Casper Ruud promised to be dangerous against Jannik Sinner in the final of the Rome Masters. The Norwegian is a clay-court specialist who has 12 titles on clay, and he was back to playing in his best form. Sinner was trying to capture the crown of his home-nation Masters, the last title he needed to have won all nine Masters 1000s.
In the end, Sinner would defeat Ruud 6-4, 6-4. The Italian has dropped just three sets in the last six Masters events.
Ruud certainly came out hot. He held serve and then got a break. Before the Italian crowd, fully and logically favoring Sinner, could absorb what was happening, the ATP No. 1 was already down two games. Just as bad, he struggled to land his first serve through much of the first set.
Jannik Sinner defeats Casper Ruud to win the Italian Open
But Sinner being Sinner, he equaled what Ruud had done quickly, evening the match at 2-all. At 4-all, the Italian appeared to have figured out Ruud's game plan and adjusted.
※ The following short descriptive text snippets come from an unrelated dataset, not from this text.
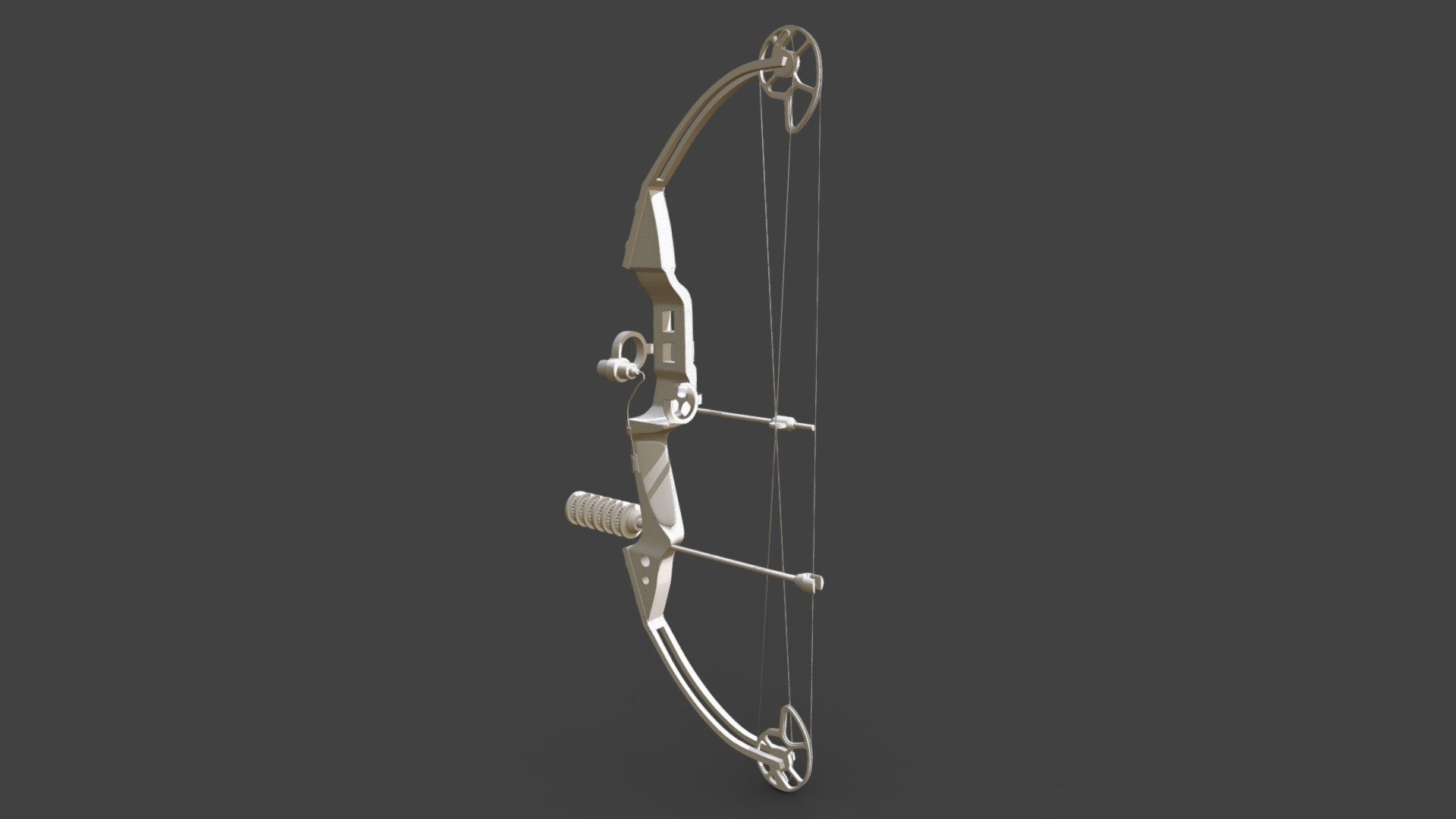 Compound Bow - 3D model by michaeldjacksonjr [854038a] - Sketchfab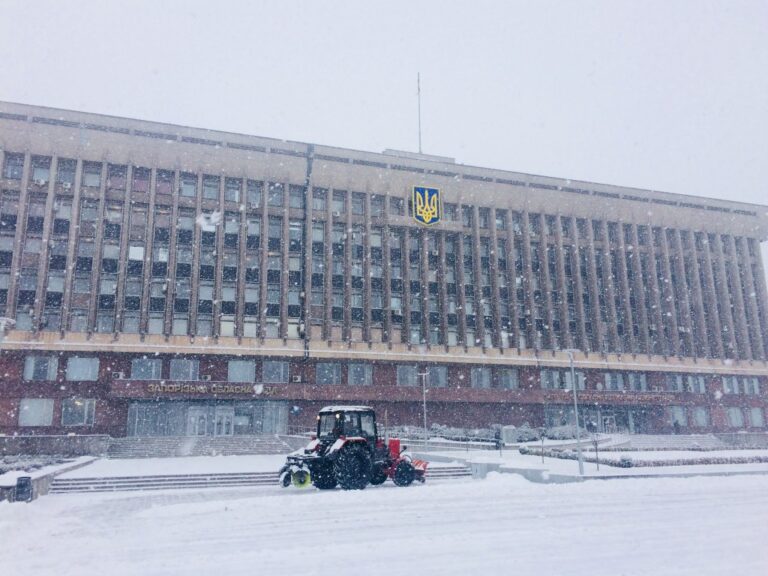 В мэрии Запорожья рассказали, готов ли город к зиме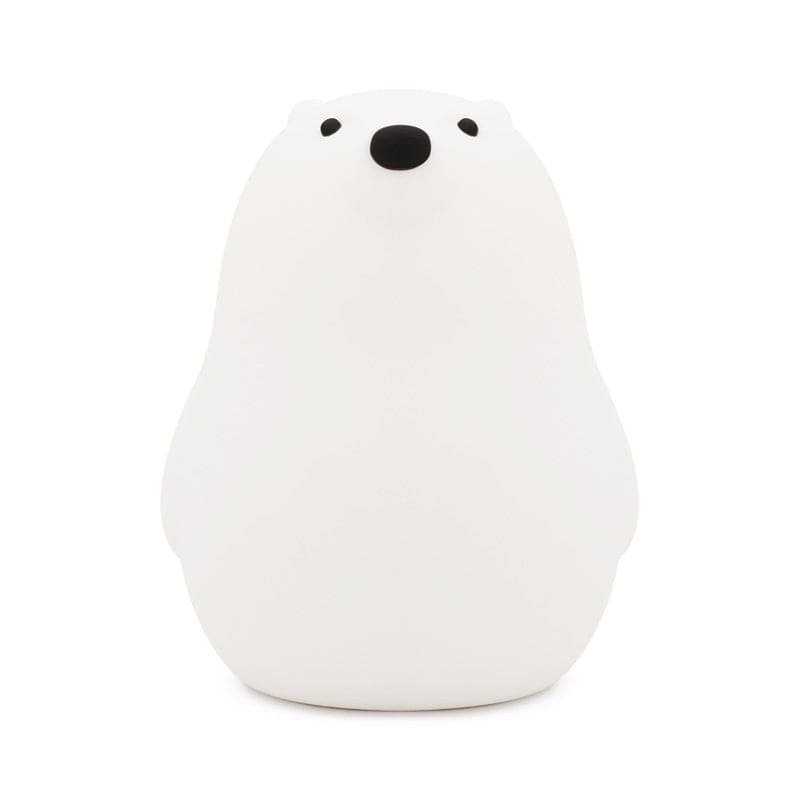 Little White Bear Pat Light Silicone Soft Light Sleep Light Night Light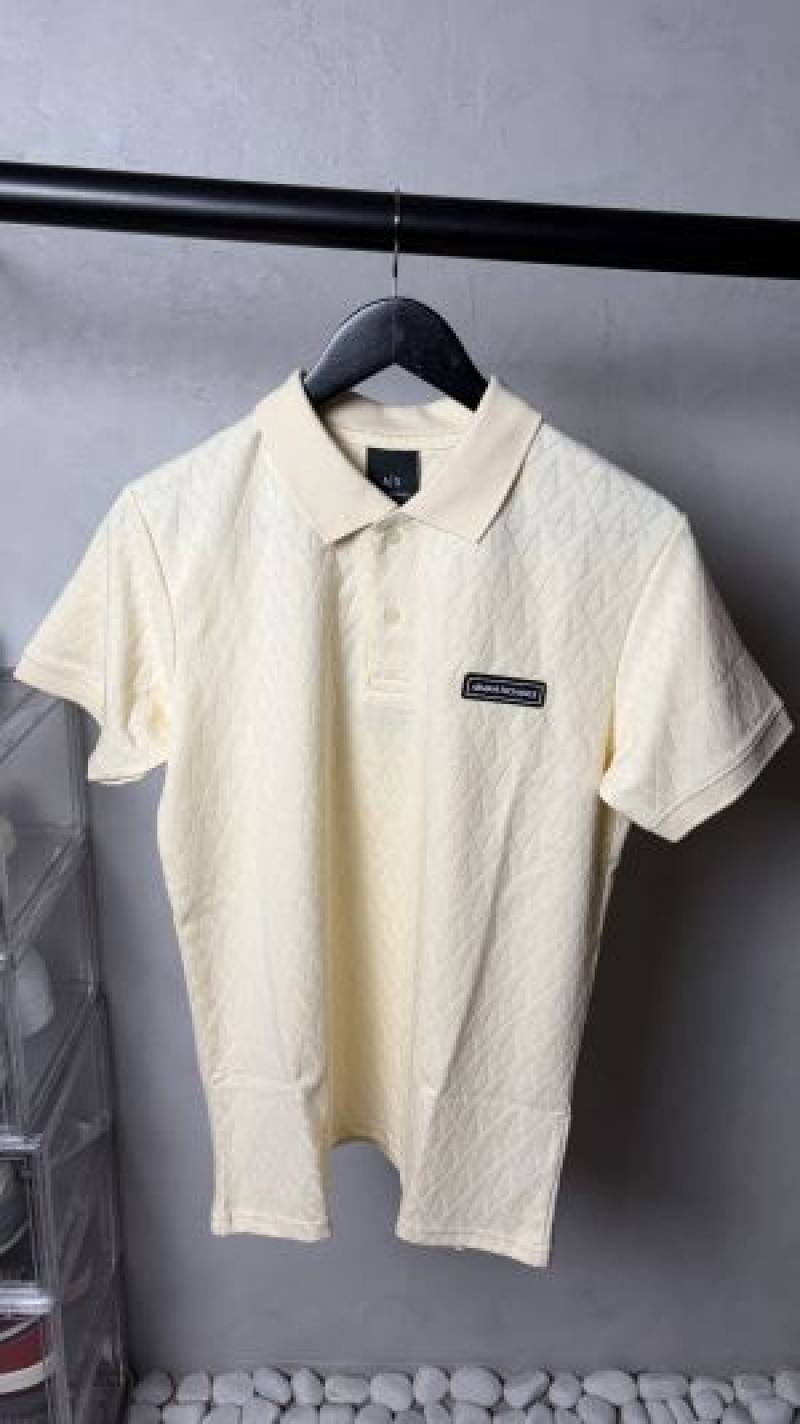 Armaani Exchange Premium Polo T Shirt with OG Box Packaging 1797 Sale offer VS1000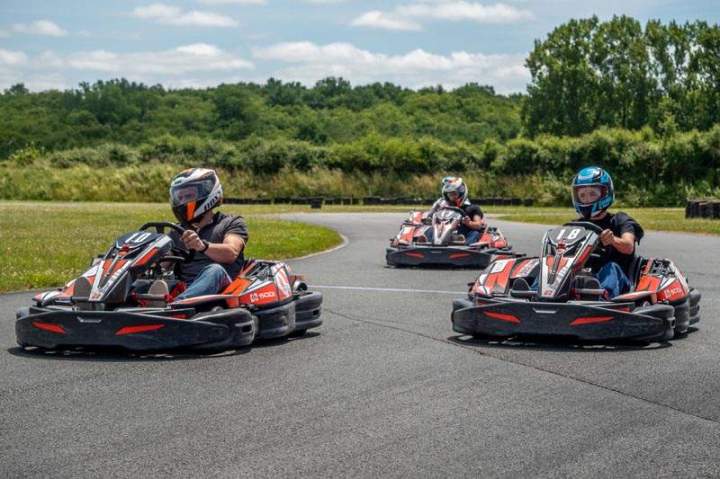 Piste de karting nocturne Charente-Maritime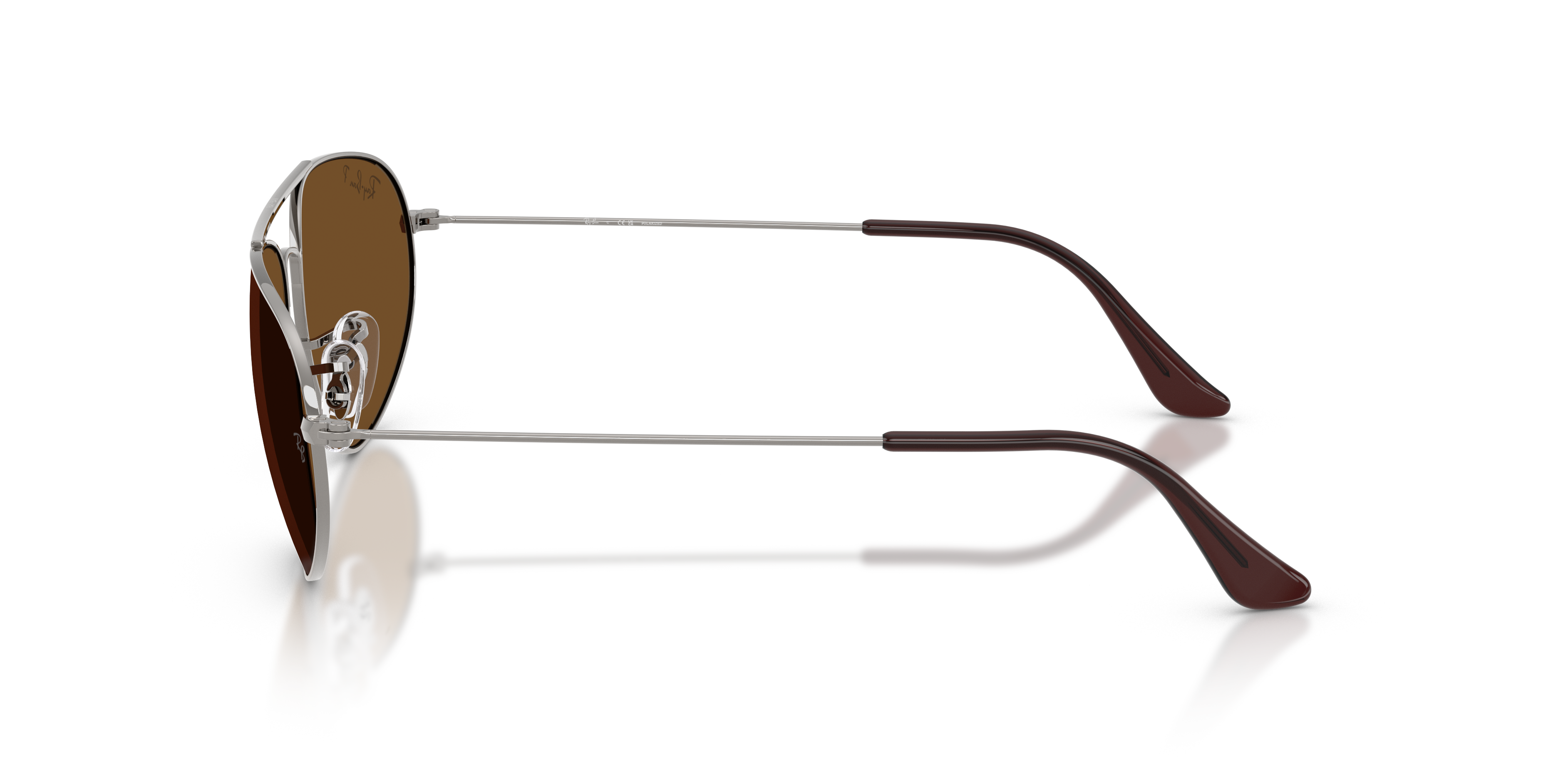 RB3945 Gunmetal MetallSunglass Frames von B24, Seitenansicht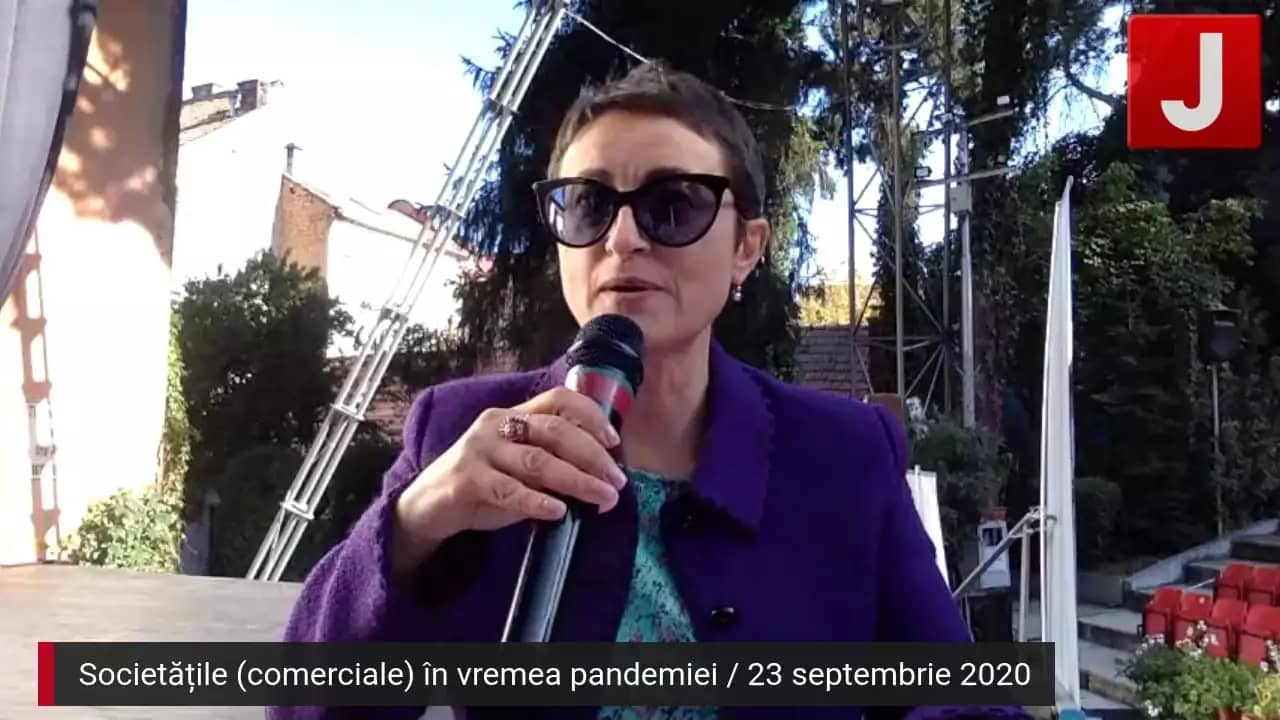 Societățile (comerciale) în vremea pandemiei / 23 septembrie 2020, Târgu Mureș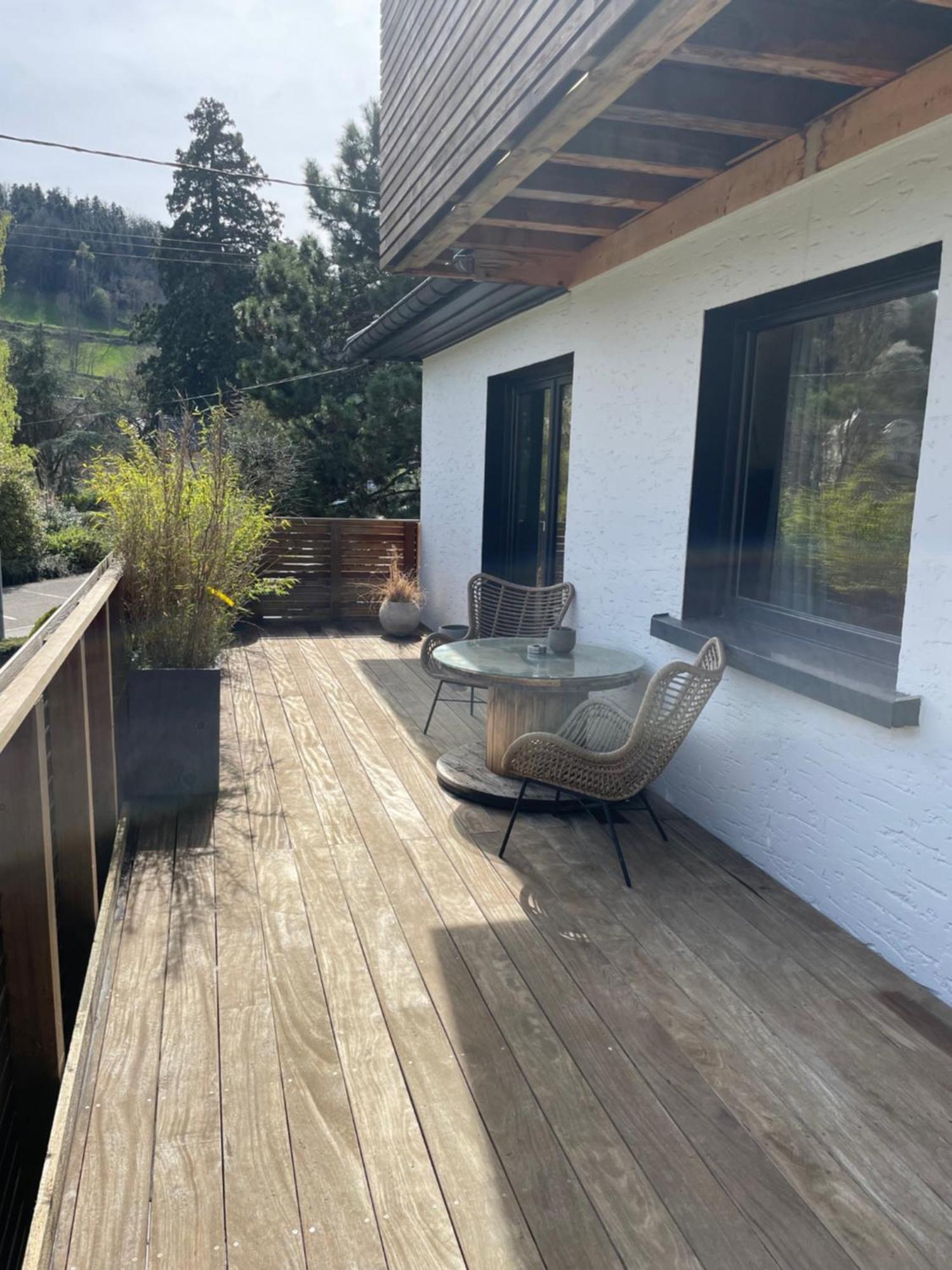 Joli Logement Avec Terrasse La Cigale 6 A 8 Personnes Orbey Exterior photo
He hit several drop shots, two that the Norwegian didn't even pretend to chase, and Sinner got a break.
By the end of the set, he was landing his first serve, and he was playing at his best by the end of set one, winning it 6-4. Ruud, however, is no stranger to high-stress matches, so the outcome was not yet assumed.
That might have changed in the opening game of the set, though. Sinner got a break and was peaking in form. At his best level, arguably no one on the ATP can match him, not even Carlos Alcaraz. As the Italian was landing more of his first serves, Ruud's challenge to him in those games was becoming tougher.
Two questions remained. One, would Casper Ruud regain the form he had early in the first set and get some control of the match back? He would also have to deal with Sinner's uptick in form.
The other question was whether Sinner would give in to nerves. He wasn't playing some random tournament, but one he had never won, and one no Italian man had won in Rome in 50 years. The weight of the pressure might have been too much for many players.
Ruud got another break point at 3-4 in the second set, but Sinner fought it off with a powerful serve and volley. He held with confidence to get within a game of the title. He would take the Rome Masters crown by holding at love to win the second set 6-4. He simply covered the court too well and played too intelligently to be beaten.
By winning the Italian Open. Jannik Sinner is the youngest player ever to win all nine Masters 1000s (he is 24 years old), and broke his own record by winning his sixth straight Masters. The next step for him is to win the French Open, the only major he has yet to win. He will be the heavy favorite in Paris.